* **TASK DESCRIPTION**: Reproduce the following data exactly, minus any images.

* **PROVIDED MATERIAL**:
====

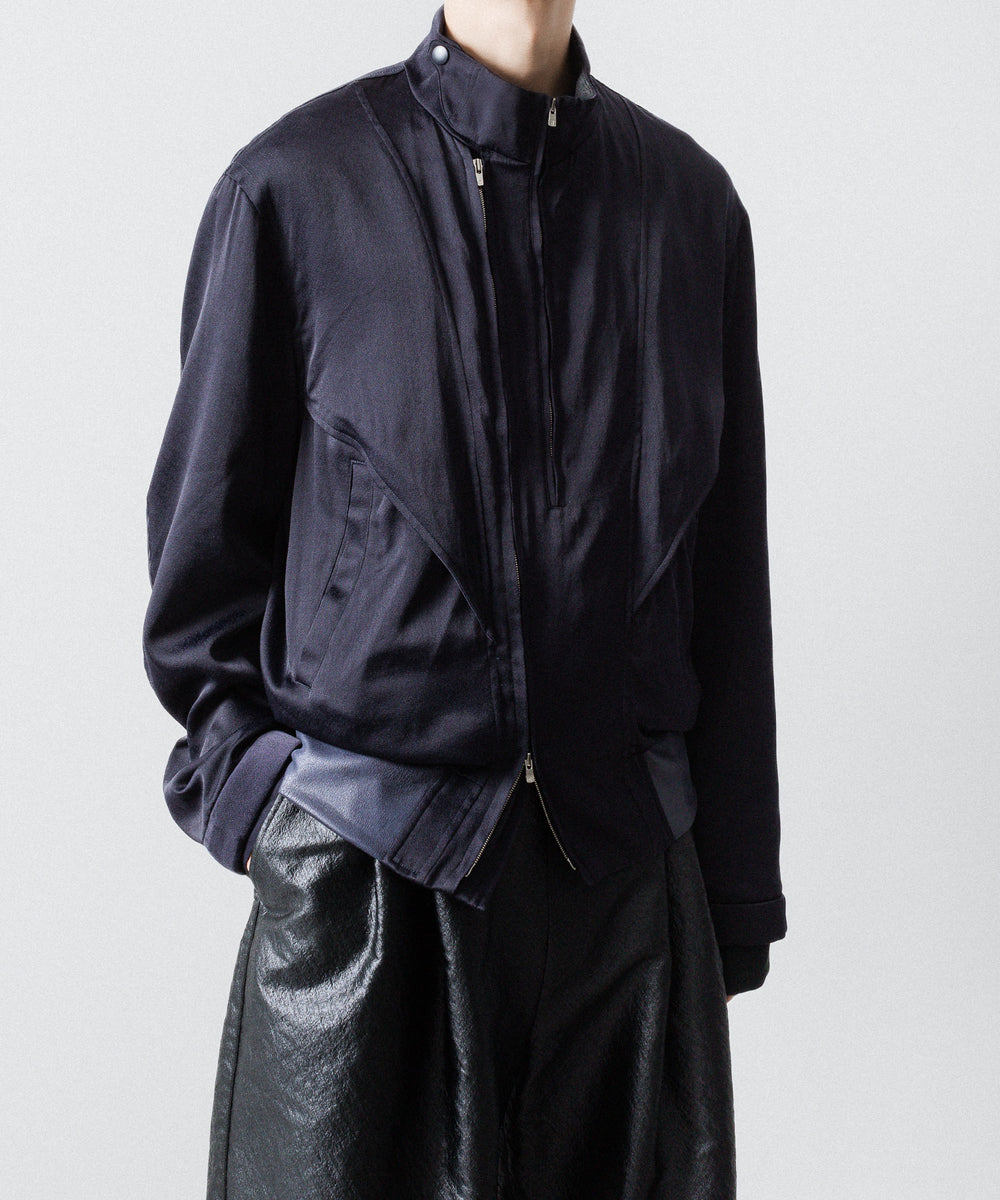 ANTHEM A / アンセムエー】FROSTING SATIN RIDING JACKET - NAVY ANTHEM A / アンセムエー】FROSTING SATIN RIDING JACKET - NAVY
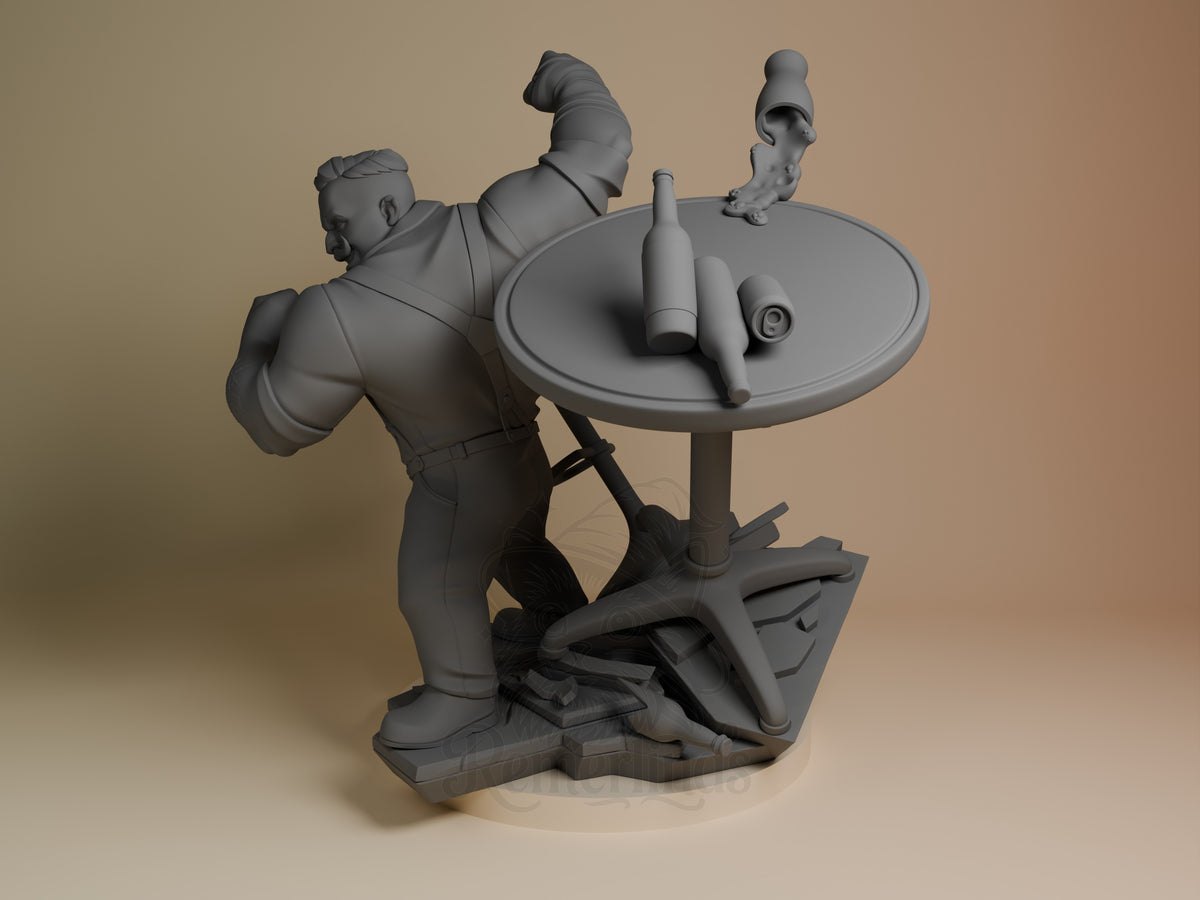 Punch Up from Dispatch is an unpainted resin figure viewed at an angle beside a round table on a sculpted base.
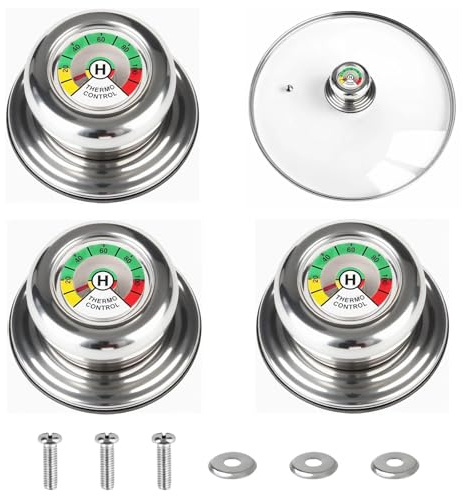 ZHOUSTOU 3 Pezzi Maniglie per Coperchio con Termometro Pomello di Ricambio per Pentole e Coperchi Manico Universale Facile Installazione Compatibili con Pentole e Padelle AMC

====

* **ANSWER AREA**:
 ANTHEM A / アンセムエー】FROSTING SATIN RIDING JACKET - NAVY ANTHEM A / アンセムエー】FROSTING SATIN RIDING JACKET - NAVY
 Punch Up from Dispatch is an unpainted resin figure viewed at an angle beside a round table on a sculpted base.
 ZHOUSTOU 3 Pezzi Maniglie per Coperchio con Termometro Pomello di Ricambio per Pentole e Coperchi Manico Universale Facile Installazione Compatibili con Pentole e Padelle AMC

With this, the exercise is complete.